• INPUT FOR THIS TASK:
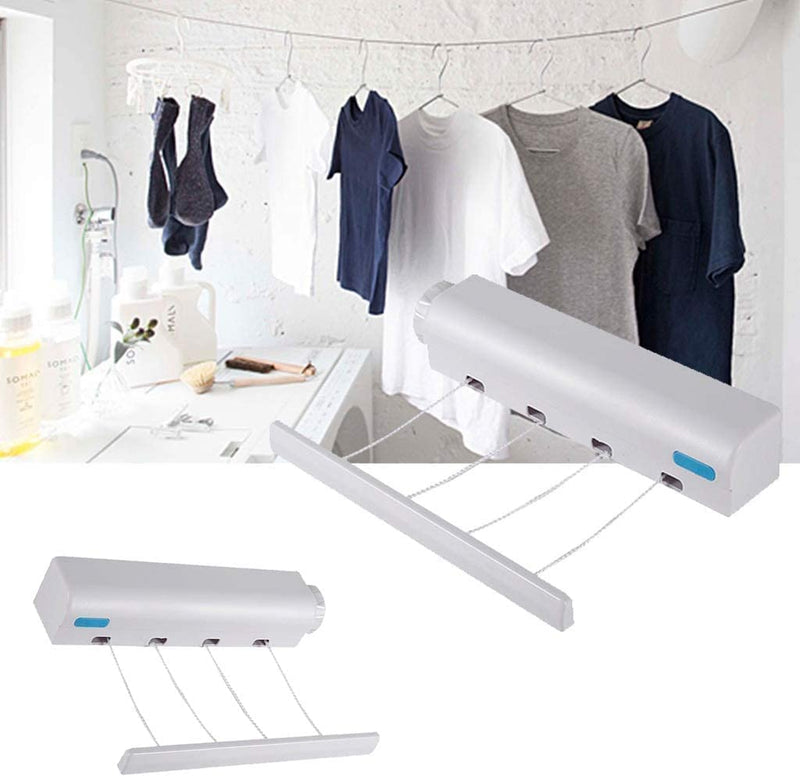 5-Line Retractable Clothesline Wall Mounted Laundry Laundry Washing Line Dryer Drying Line - AABA MALL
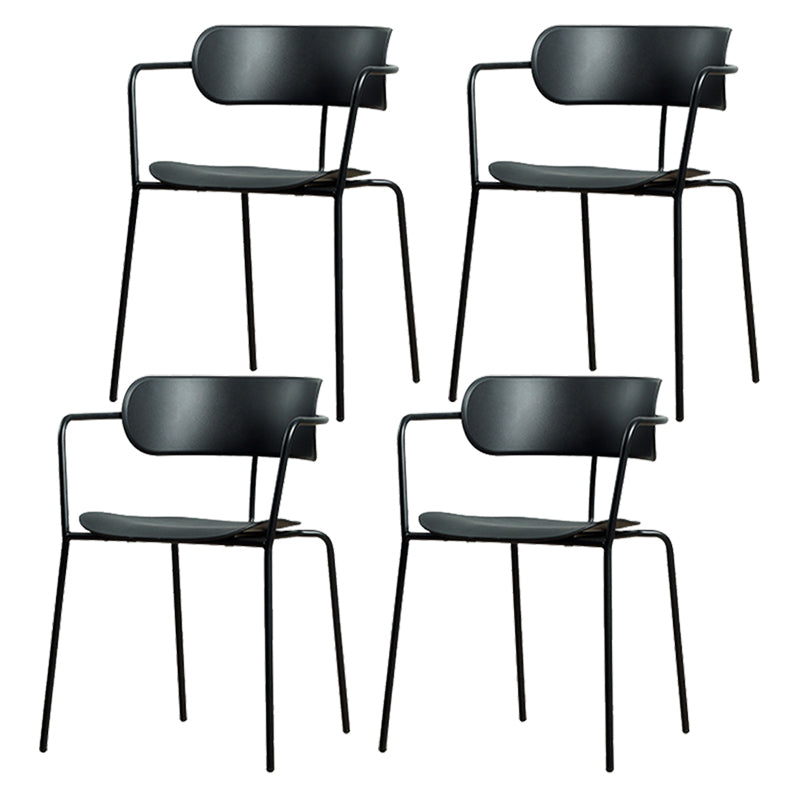 Contemporary Style Open Back Plastic Dining Arm Chair with Metal Legs for Home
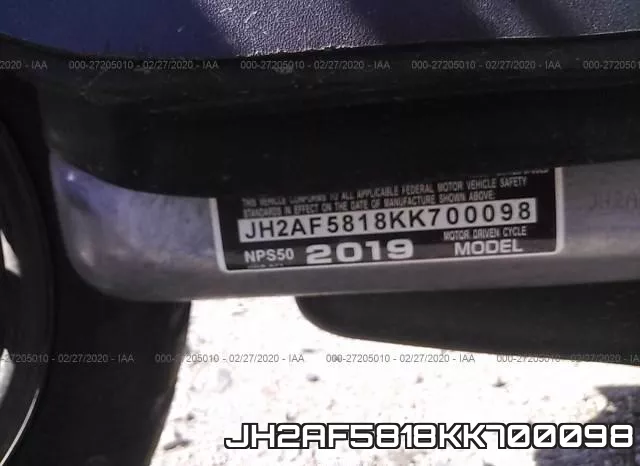 JH2AF5818KK700098 фото 2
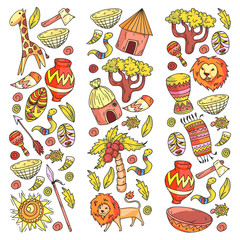 Ethnic pattern kids fabric, textile, nursery wallpaper. Vector illustration. African animals, tribal elements for little children, kids.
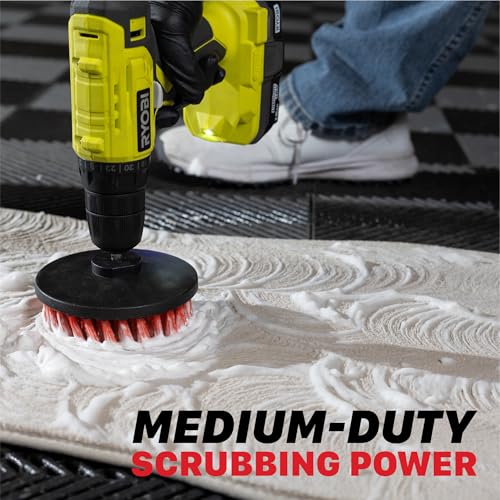 Image of Maxshine 2 inch, 4 inch, & 5 inch M8 Medium-Duty Upholstery Carpet Brush with Drill Attachment Set - Power Scrubber Attachment for Car Detailing - Removes Grime, Stains & Spots from Fabric, Seats & Carpets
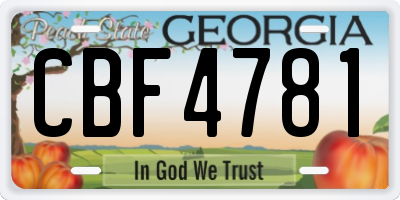 GA license plate CBF4781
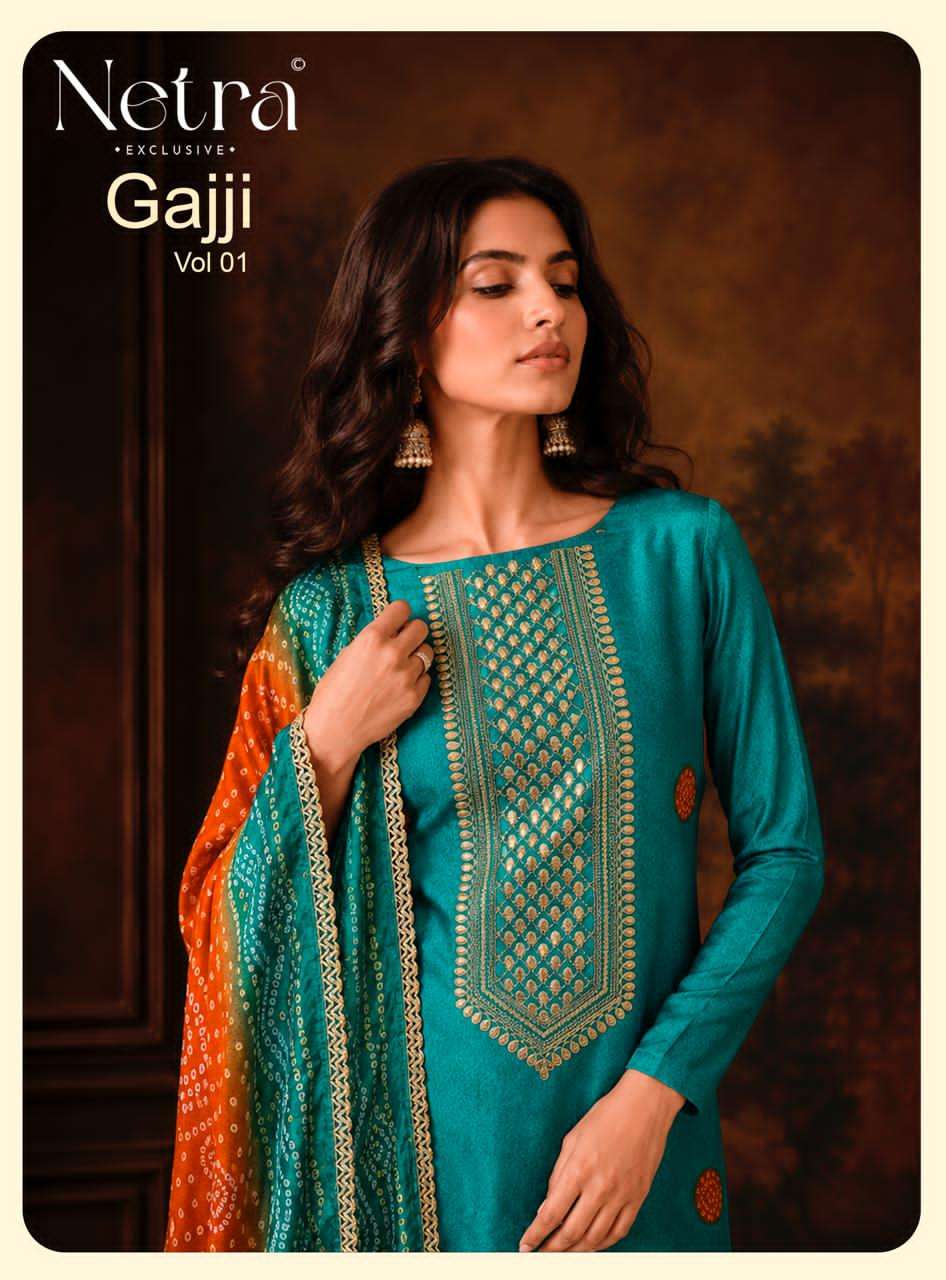Netra Exclusive Gajji Vol 1 Premium Bandhani Gajji Silk Dress Material Collection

• EXERCISE DETAILS:
Set down the records above word for word, from the first line through the line containing "Ethnic pattern kids", both included; leave out the pictures.

• ANSWER FOR THE TASK:
 5-Line Retractable Clothesline Wall Mounted Laundry Laundry Washing Line Dryer Drying Line - AABA MALL
 Contemporary Style Open Back Plastic Dining Arm Chair with Metal Legs for Home
 JH2AF5818KK700098 фото 2
 Ethnic pattern kids fabric, textile, nursery wallpaper. Vector illustration. African animals, tribal elements for little children, kids.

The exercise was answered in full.